Dataset excerpts:
--------------------------------

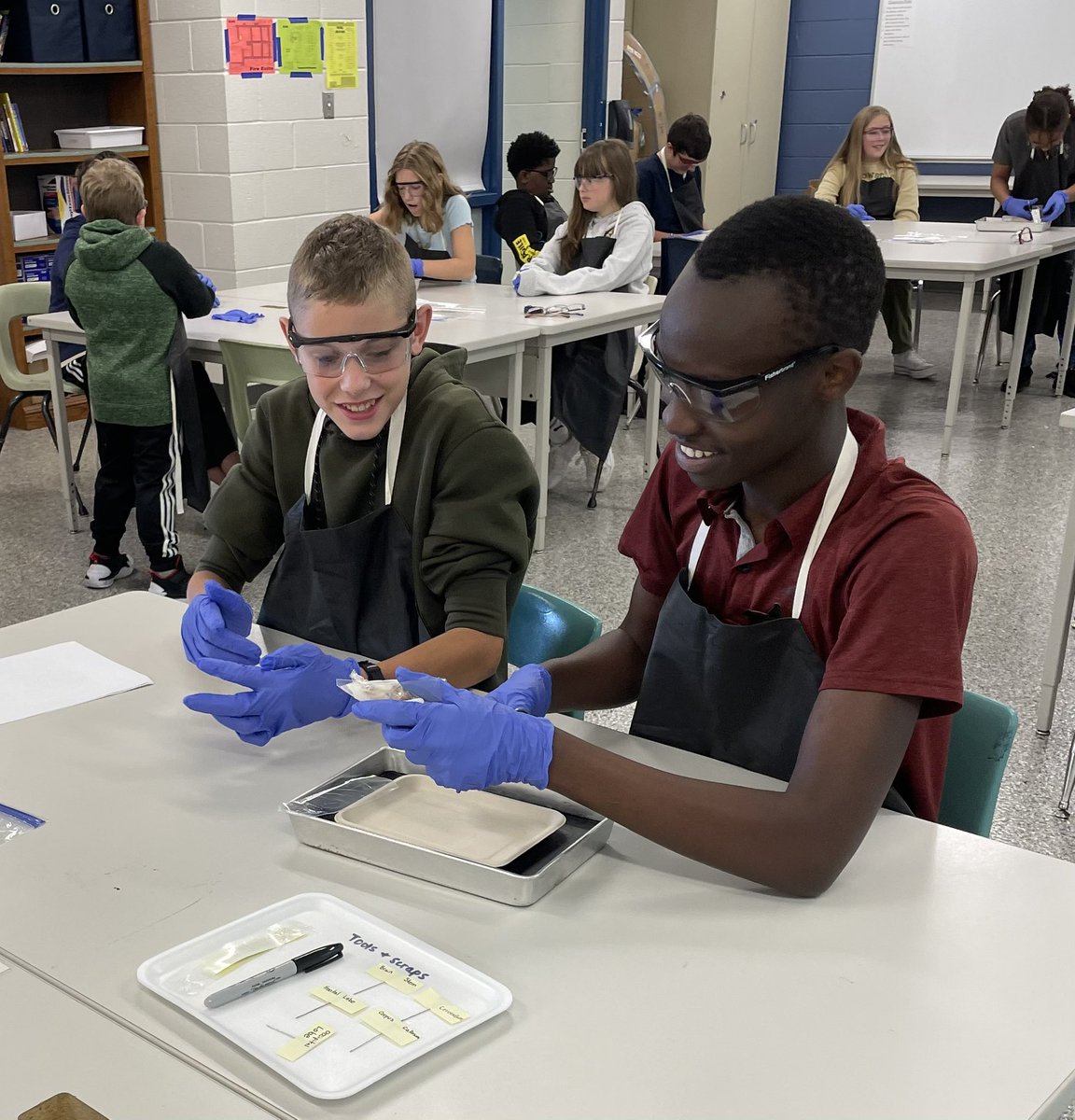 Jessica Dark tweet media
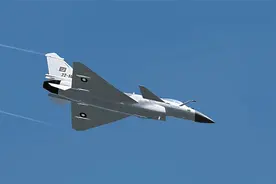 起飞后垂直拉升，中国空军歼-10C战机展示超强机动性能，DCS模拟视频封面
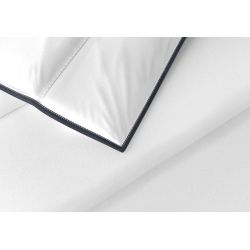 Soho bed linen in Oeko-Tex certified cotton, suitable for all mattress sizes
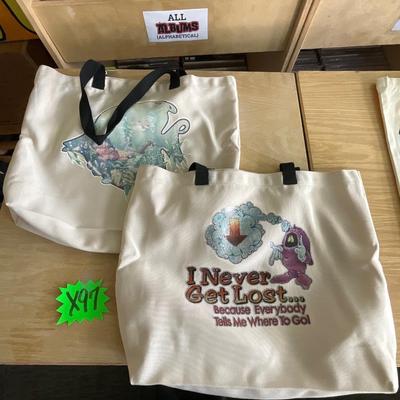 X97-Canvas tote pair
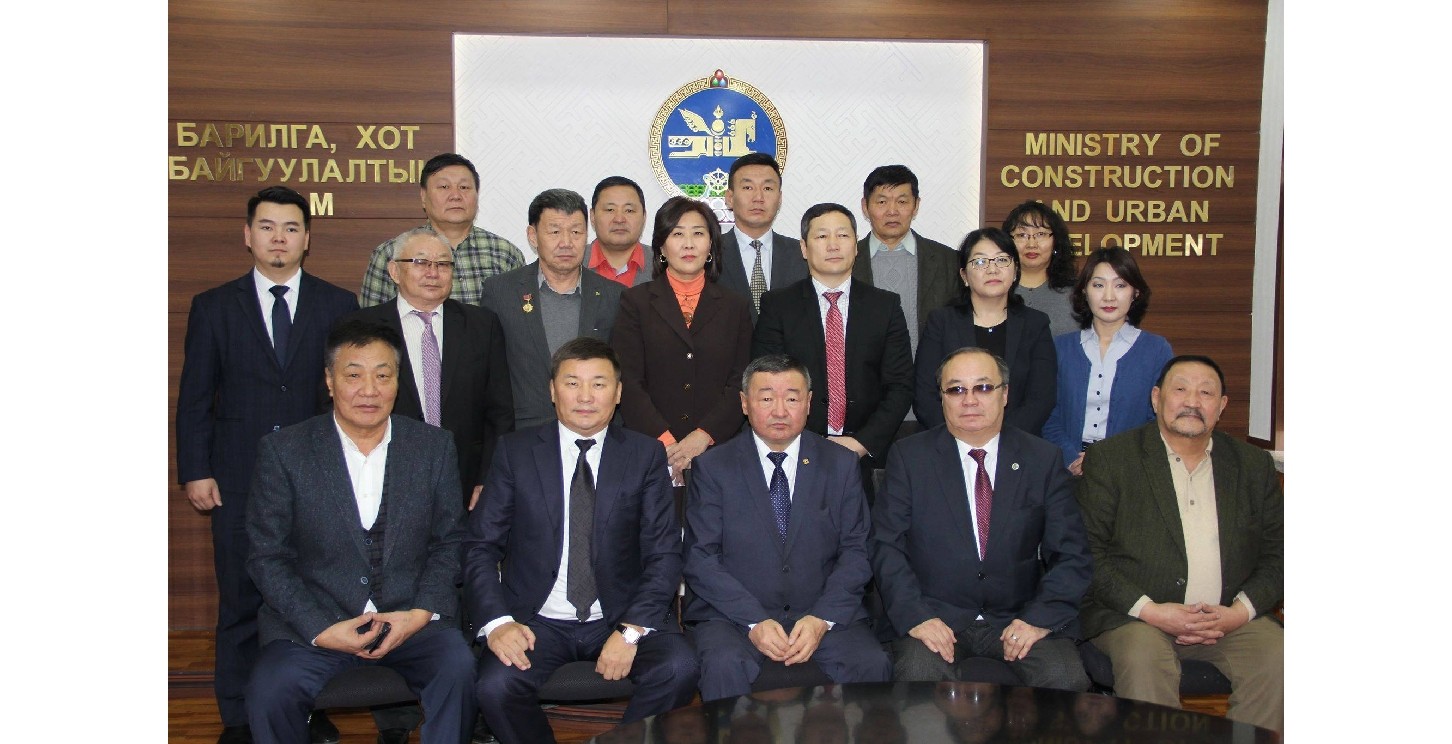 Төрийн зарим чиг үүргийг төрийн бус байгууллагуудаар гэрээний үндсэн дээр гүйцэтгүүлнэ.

--------------------------------

— WHAT THE TASK REQUIRES —
Retype the data exactly; images stay out.

— RESPONSE BELOW —
 Jessica Dark tweet media
 起飞后垂直拉升，中国空军歼-10C战机展示超强机动性能，DCS模拟视频封面
 Soho bed linen in Oeko-Tex certified cotton, suitable for all mattress sizes
 X97-Canvas tote pair
 Төрийн зарим чиг үүргийг төрийн бус байгууллагуудаар гэрээний үндсэн дээр гүйцэтгүүлнэ.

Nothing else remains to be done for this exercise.